DATASET:
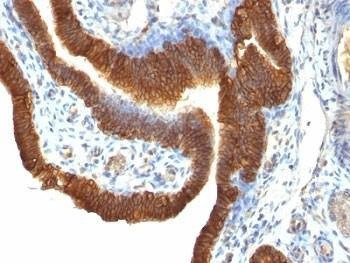 Anti-EpCAM Antibody, Sodium Azide Free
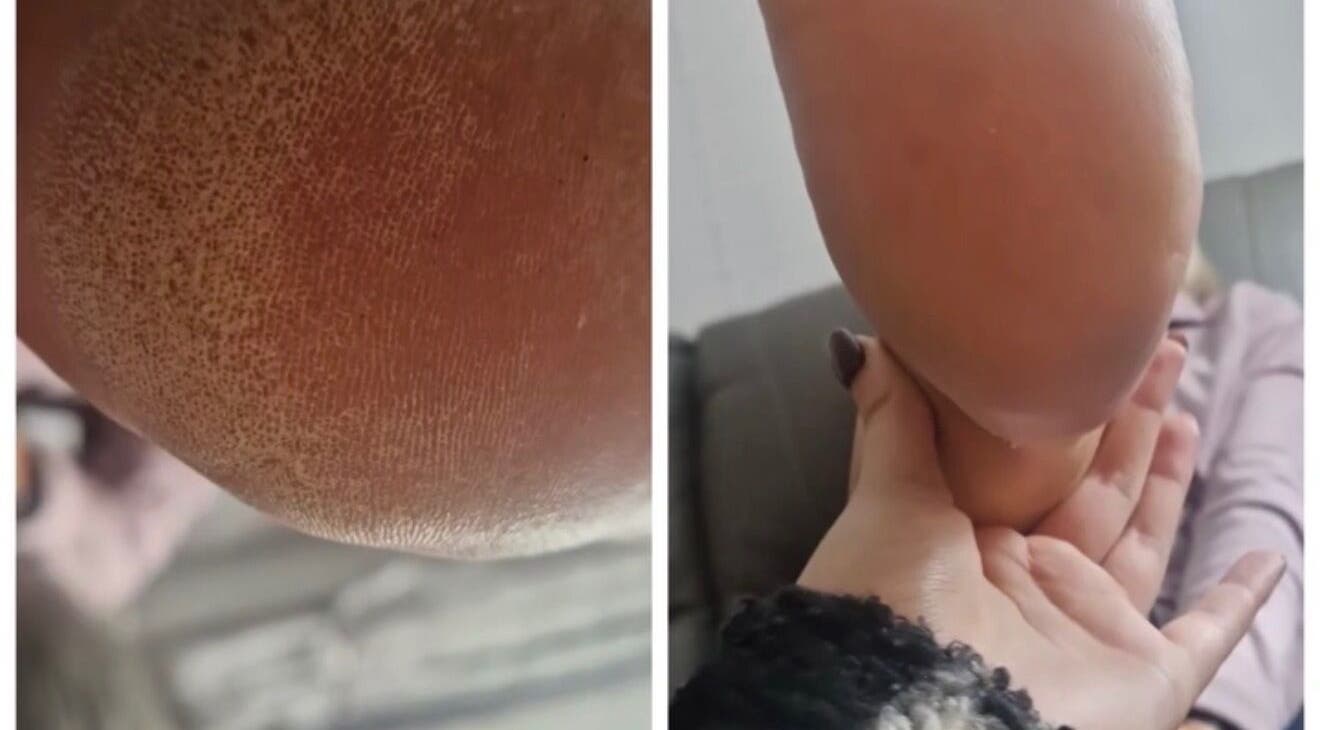 Before-and-after heel care at Beautybyl0zx, Birmingham, England, GB. Noticeable transformation of heel skin texture.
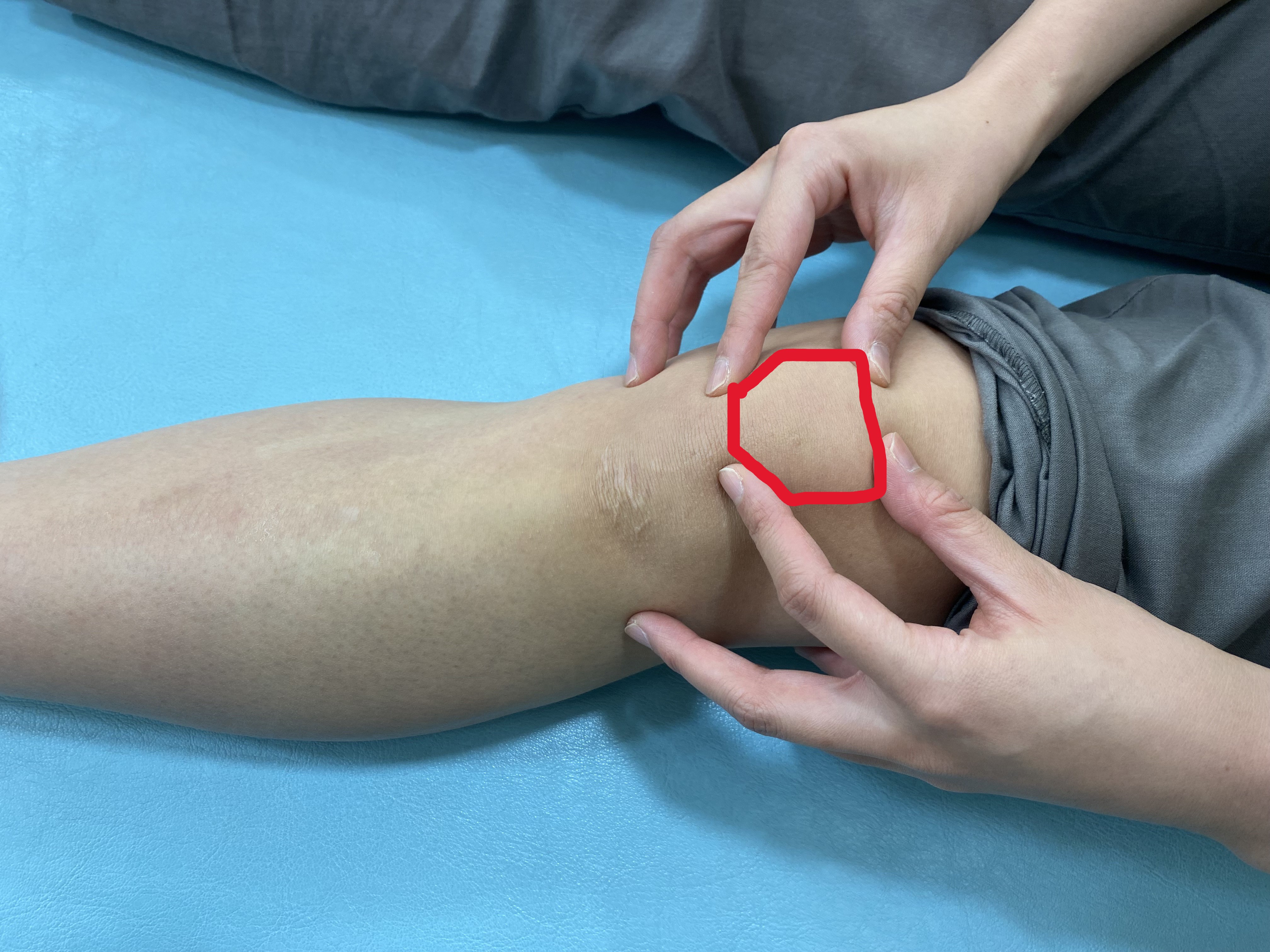 膝の皿が動くのは異常？グラグラ違和感とポキポキ音の正体を徹底解剖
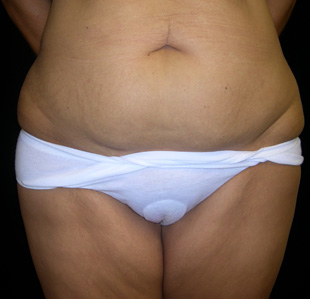 Case--7815 | Before Abdominoplasty
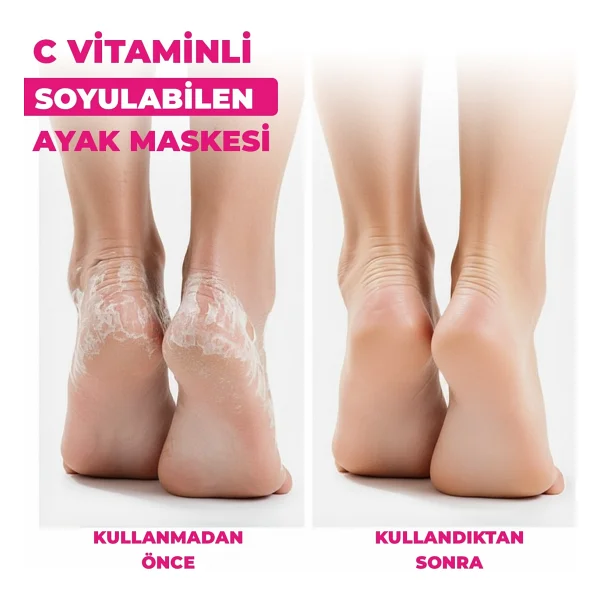 Dermokil C Vitaminli Peeling Etkili Soyulabilen 30 Ml Ayak Maskesi - Görsel 2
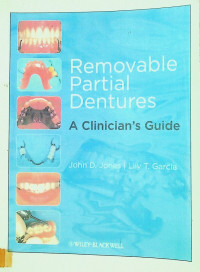 Removable Partial Denture: A Clinician's Guide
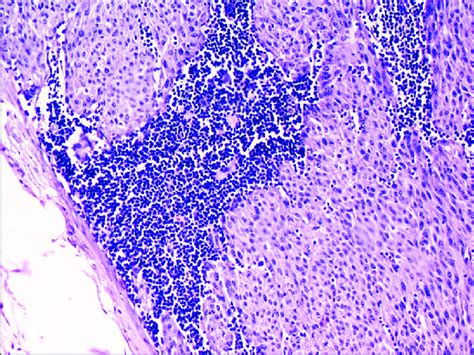 Lymphnode Biopsy Showing Metastatic Spindle Cell Melanoma H And E X40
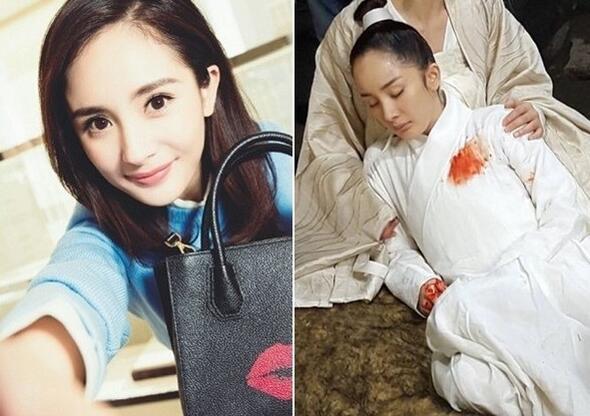 杨幂的发际线再也回不去了么?网友吐槽像半秃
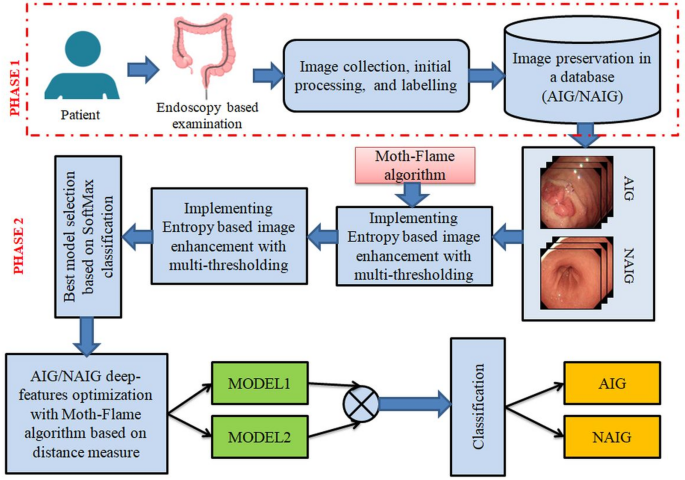 Autoimmune gastritis detection from preprocessed endoscopy images using deep transfer learning and moth flame optimization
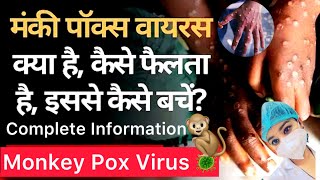 Monkey Pox Virus Cause Symptoms Diagnose And Treatment  Monkey pox Virus  Monkey Pox  M Pox [upl. by Jerroll]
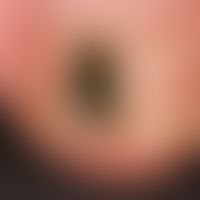 Tinea unguium:black dyschromia of the nail plate localizedonthe right big toe of a 42-year-old ma...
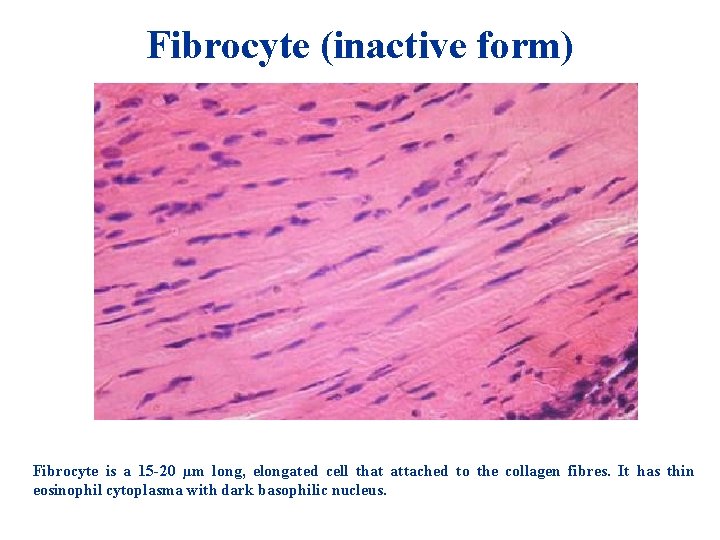 Fibrocyte (inactive form) Fibrocyte is a 15 -20 µm long, elongated cell that attached Fibrocyte (inactive form) Fibrocyte is a 15 -20 µm long, elongated cell that attached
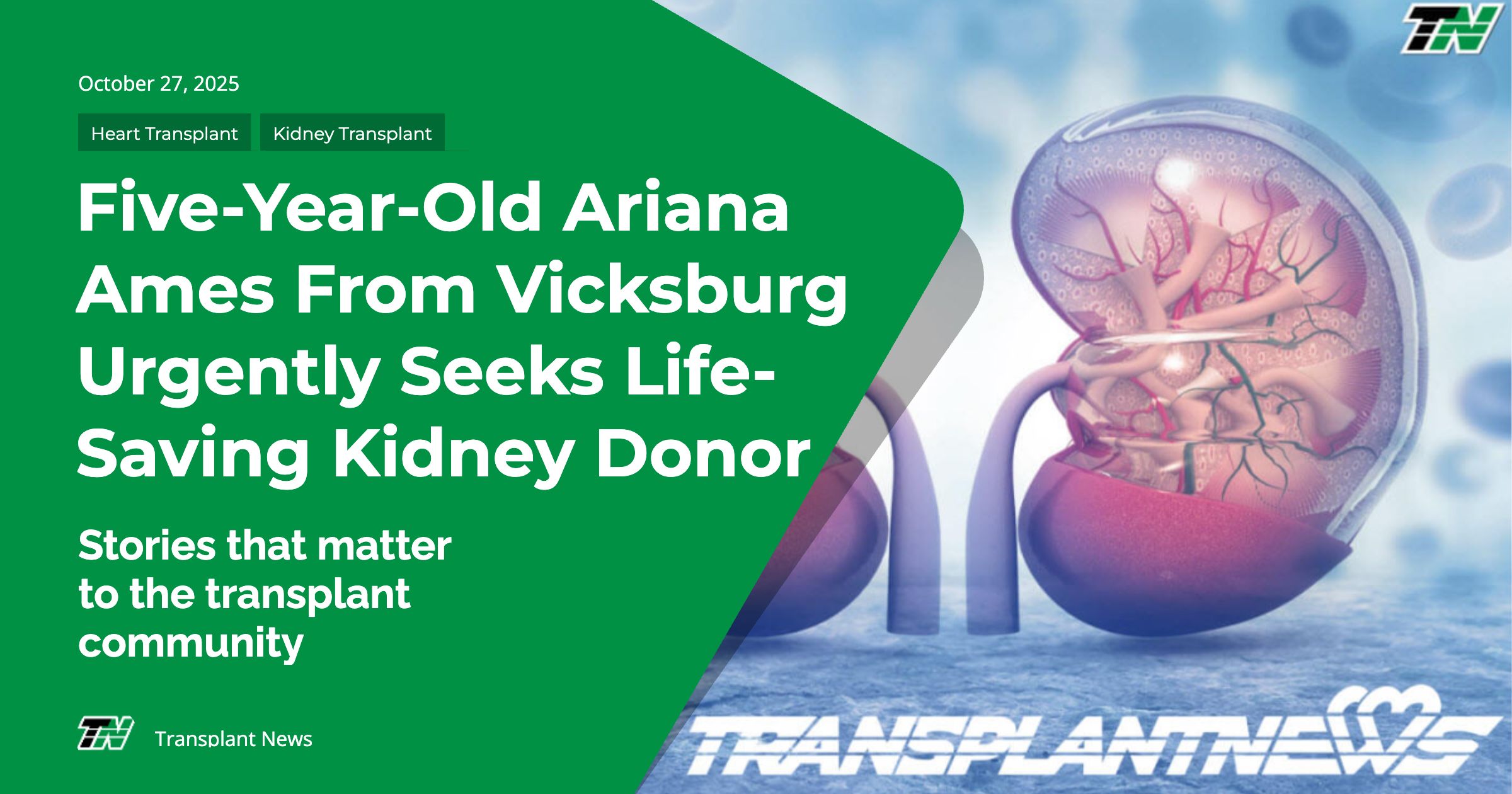 Five-Year-Old Ariana Ames From Vicksburg Urgently Seeks Life-Saving Kidney Donor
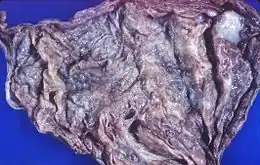 Description de cette image, également commentée ci-après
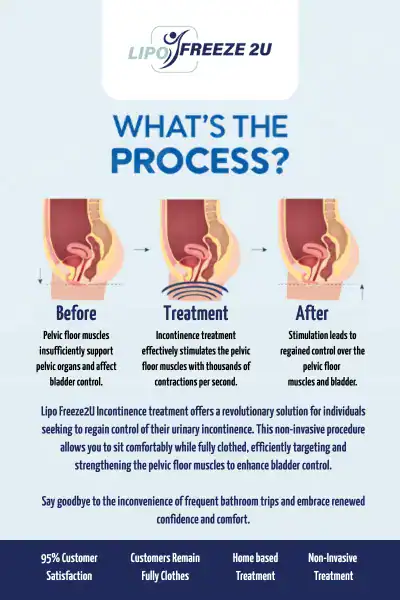 Diagram of how incontinence treatment Somerset works.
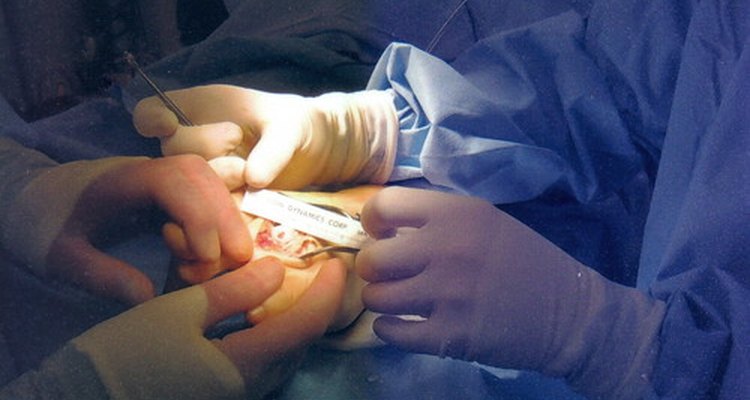 A strangulated hiatal hernia is likely to require surgery.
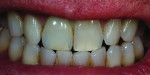 Figure 34 The teeth were dehydrated, allowing match to be uncertain.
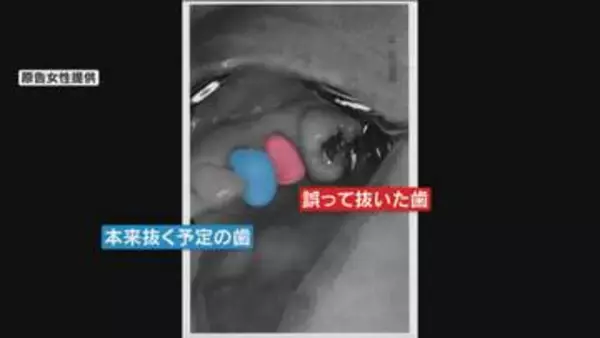 【独自】違う歯を抜かれ入れ歯に…医療事故で女性が豊中市に損害賠償求め　病院は“誤った診断”認める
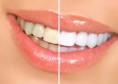 Protecção Dentária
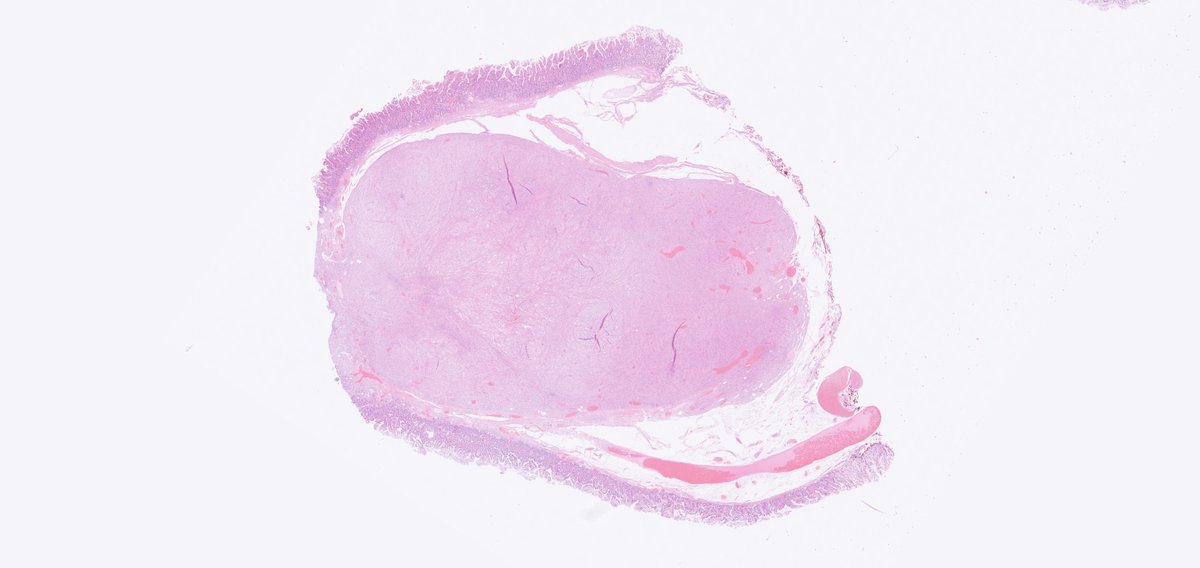 DrJuhlin's tweet photo. Endoscopic mucosal resection of a 14 mm duodenal  lesion. Low power overview. Submucosal tumor without association to the epithelium. 

Let's have a closer look! (thread) https://t.co/LVyd5C5RXG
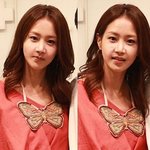 ★<b>양악</b>수술 아찔한 순간들 공개★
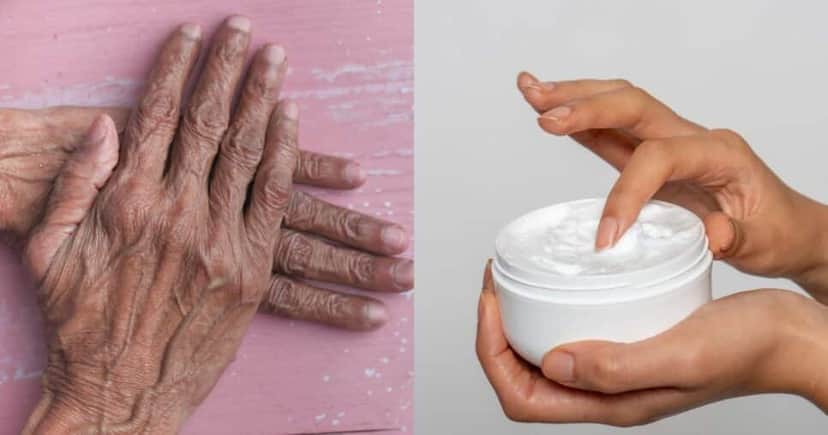 Clareamento com 4 ingredientes suga ressecamento das mãos (Reprodução/Montagem TV Foco/Canva) Clareamento com 4 ingredientes suga ressecamento das mãos (Reprodução/Montagem TV Foco/Canva)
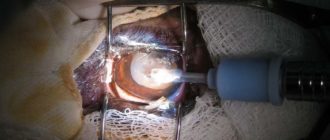 Выделения после выскабливания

WORK REQUIRED:
Write out the full listing verbatim, excluding its pictures.

TASK OUTPUT:
 Anti-EpCAM Antibody, Sodium Azide Free
 Before-and-after heel care at Beautybyl0zx, Birmingham, England, GB. Noticeable transformation of heel skin texture.
 膝の皿が動くのは異常？グラグラ違和感とポキポキ音の正体を徹底解剖
 Case--7815 | Before Abdominoplasty
 Dermokil C Vitaminli Peeling Etkili Soyulabilen 30 Ml Ayak Maskesi - Görsel 2
 Removable Partial Denture: A Clinician's Guide
 Lymphnode Biopsy Showing Metastatic Spindle Cell Melanoma H And E X40
 杨幂的发际线再也回不去了么?网友吐槽像半秃
 Autoimmune gastritis detection from preprocessed endoscopy images using deep transfer learning and moth flame optimization
 Monkey Pox Virus Cause Symptoms Diagnose And Treatment  Monkey pox Virus  Monkey Pox  M Pox [upl. by Jerroll]
 Tinea unguium:black dyschromia of the nail plate localizedonthe right big toe of a 42-year-old ma...
 Fibrocyte (inactive form) Fibrocyte is a 15 -20 µm long, elongated cell that attached Fibrocyte (inactive form) Fibrocyte is a 15 -20 µm long, elongated cell that attached
 Five-Year-Old Ariana Ames From Vicksburg Urgently Seeks Life-Saving Kidney Donor
 Description de cette image, également commentée ci-après
 Diagram of how incontinence treatment Somerset works.
 A strangulated hiatal hernia is likely to require surgery.
 Figure 34 The teeth were dehydrated, allowing match to be uncertain.
 【独自】違う歯を抜かれ入れ歯に…医療事故で女性が豊中市に損害賠償求め　病院は“誤った診断”認める
 Protecção Dentária
 DrJuhlin's tweet photo. Endoscopic mucosal resection of a 14 mm duodenal  lesion. Low power overview. Submucosal tumor without association to the epithelium. 

Let's have a closer look! (thread) https://t.co/LVyd5C5RXG
 ★<b>양악</b>수술 아찔한 순간들 공개★
 Clareamento com 4 ingredientes suga ressecamento das mãos (Reprodução/Montagem TV Foco/Canva) Clareamento com 4 ingredientes suga ressecamento das mãos (Reprodução/Montagem TV Foco/Canva)
 Выделения после выскабливания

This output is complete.